With over 2.5 million Muslims now living in the United States, including many who were born in this country, it is very likely that you will have Muslim coworkers, customers, managers and / or employees. So it is important to understand some of the items which may come up in the workplace with this aspect of religious and multicultural diversity.
Here are just three items to consider:
1) The Muslim religious obligation. For the devout Muslim, the most holy time when many Muslims go to their mosque to worship is Friday at noon. Many Muslims would appreciate having an extended lunch hour to attend services. I once had a devout Muslim working for me, and I made sure to never schedule a department meeting around noon on Fridays nor expected him to attend key meetings around the time.
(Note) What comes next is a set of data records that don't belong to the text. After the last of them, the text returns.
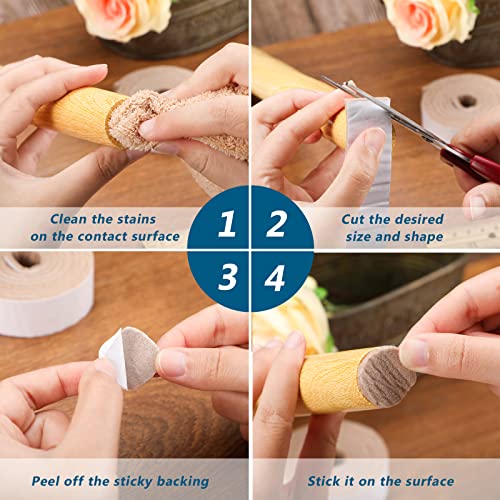 Shappy 2 Pcs Felt Strips with Adhesive Backing Felt Tape Roll Non Slip - size: 120 x 1 x 0.12 Inch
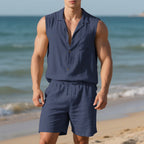 Men's Sleeveless Shirt and Shorts Set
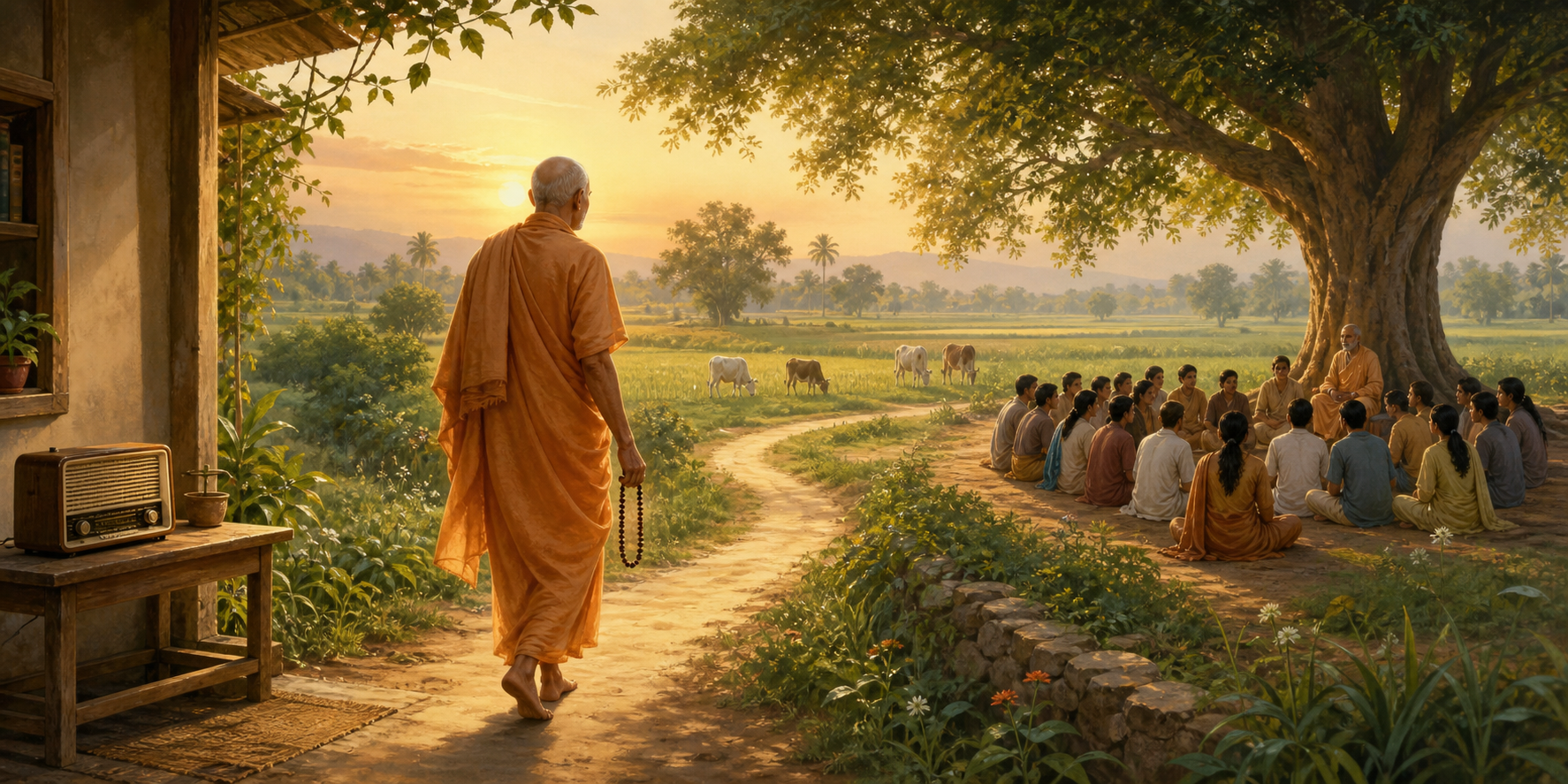 An elderly Vaishnava monk walks along a path linking a radio, cultivated fields, cows, and a diverse gathering beneath a tree.
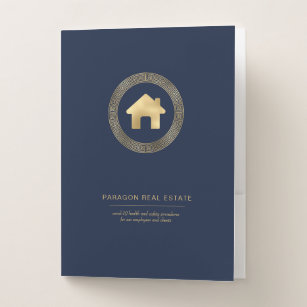 Real Estate Gold House Navy Blue Organising Pocket Folder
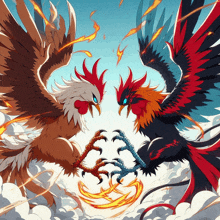 a rooster and a phoenix are standing next to each other with their wings spread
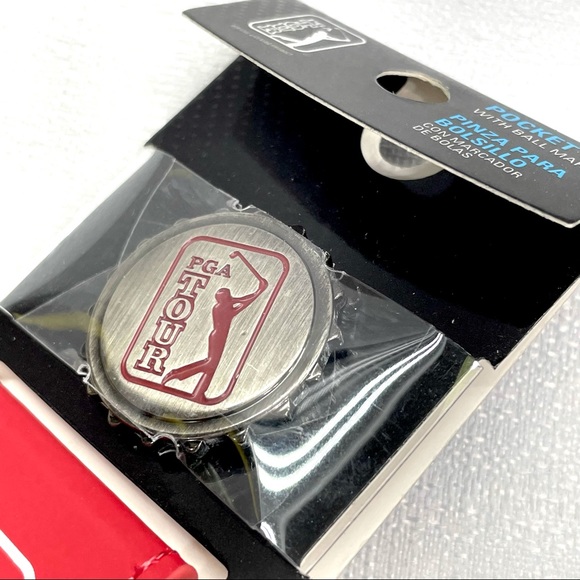 PGA Tour Golf Metallic Pocket Clip With Ball Marker Tango Red New - Picture 7 of 16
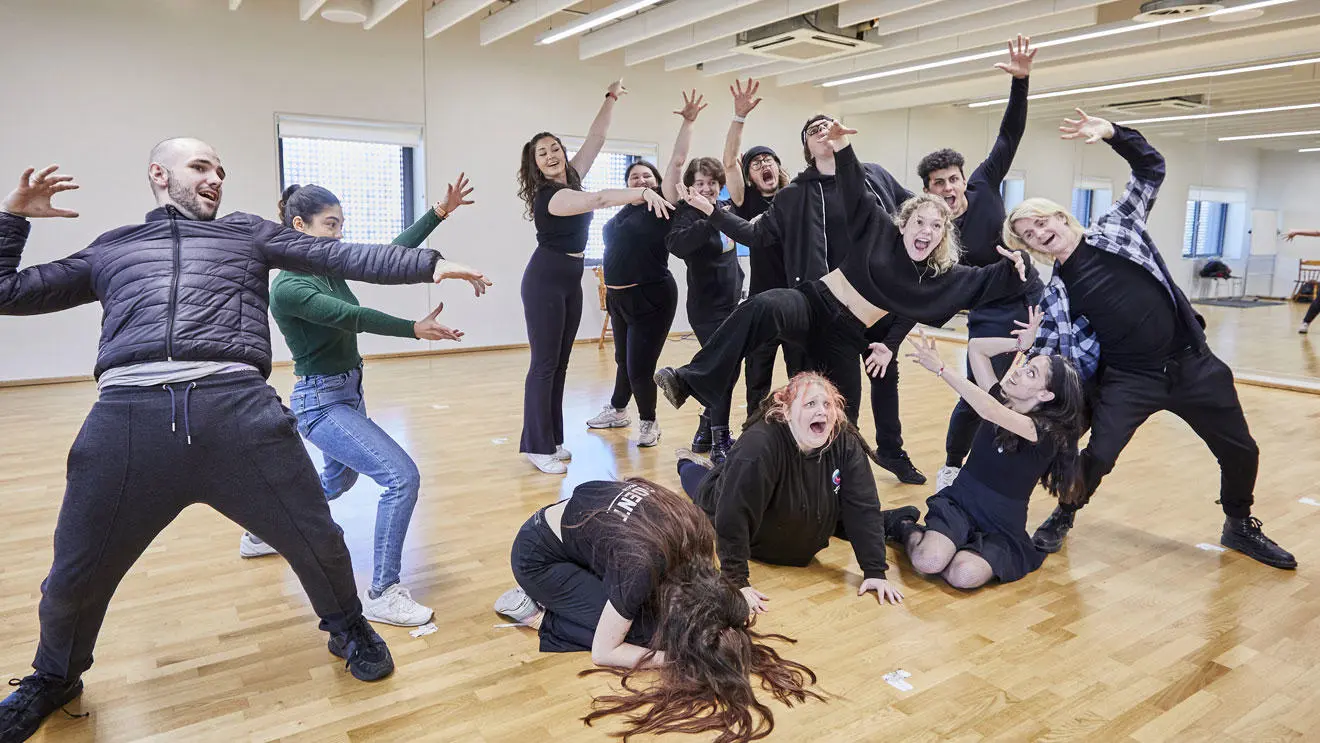 Acting students in the rehearsal room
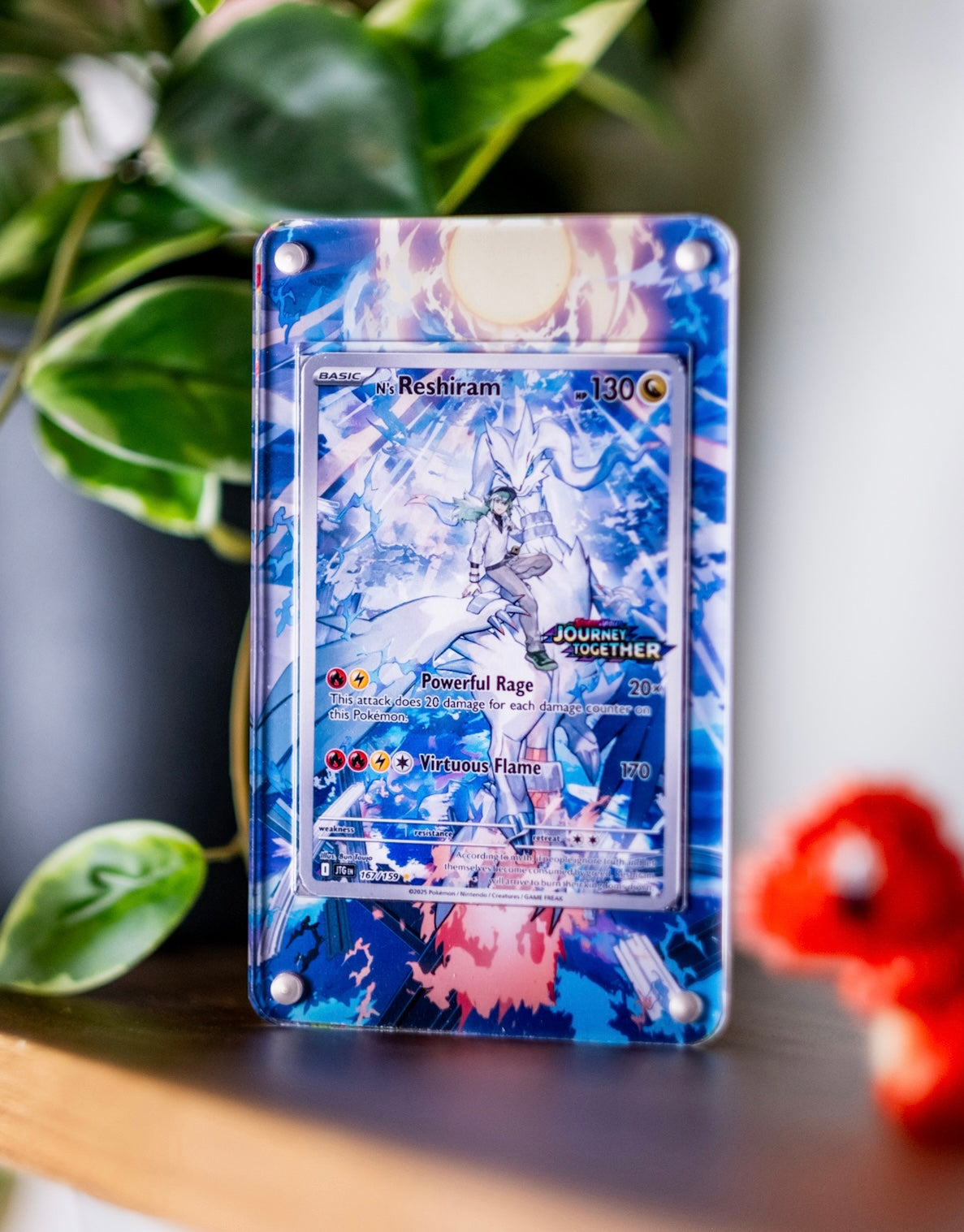 N’s Reshiram AR | Display Case Extended Art for Pokemon Journey Together Card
2) Interaction with women. The devout Muslim woman is not allowed to have physical contact except with her husband or close male relative. This may be important to consider when a female Muslim work associate is being introduced to a male. Often our custom is to shake hands when introduced, but this may not be feasible in this case. If you know you are being introduced to a Muslim woman, simply nod your head in acknowledgement and say “very glad to meet you.” If you are unaware that the woman is Muslim and she does not extent her hand back to you, please do not be offended. I would hope that the Muslim woman would be gracious and say something like “my religion does not permit me to touch a male, but I am very glad to be here and to meet you.”3) Traditional dress. Wearing a hijab, or headscarf, is for many Muslim women a visible expression of the faith, piety or modesty. There have already been several cases brought to the EEOC (Employment Equal Opportunity Commission) from employers who felt this dress violated corporate dress codes, especially in customer-facing roles, and in most cases, the EEOC sides with the employee. One of the most visible cases was the clothing store Abercrombie and Fitch’s refusal to hire Samantha Elauf, a Muslim, because of her religious practice of wearing a hijab. (See EEOC press release about this case.)
Here is an excellent resource available from the EEOC which goes in more depth on some these issues and additional ones.
Overall, these are simple and reasonable “religious accommodations” as with working with other people of faith in the workplace. It makes good business sense to provide a little flexibility and respect to build a workplace climate where everyone feels included, can be themselves, and bring the very best of their talent to the job.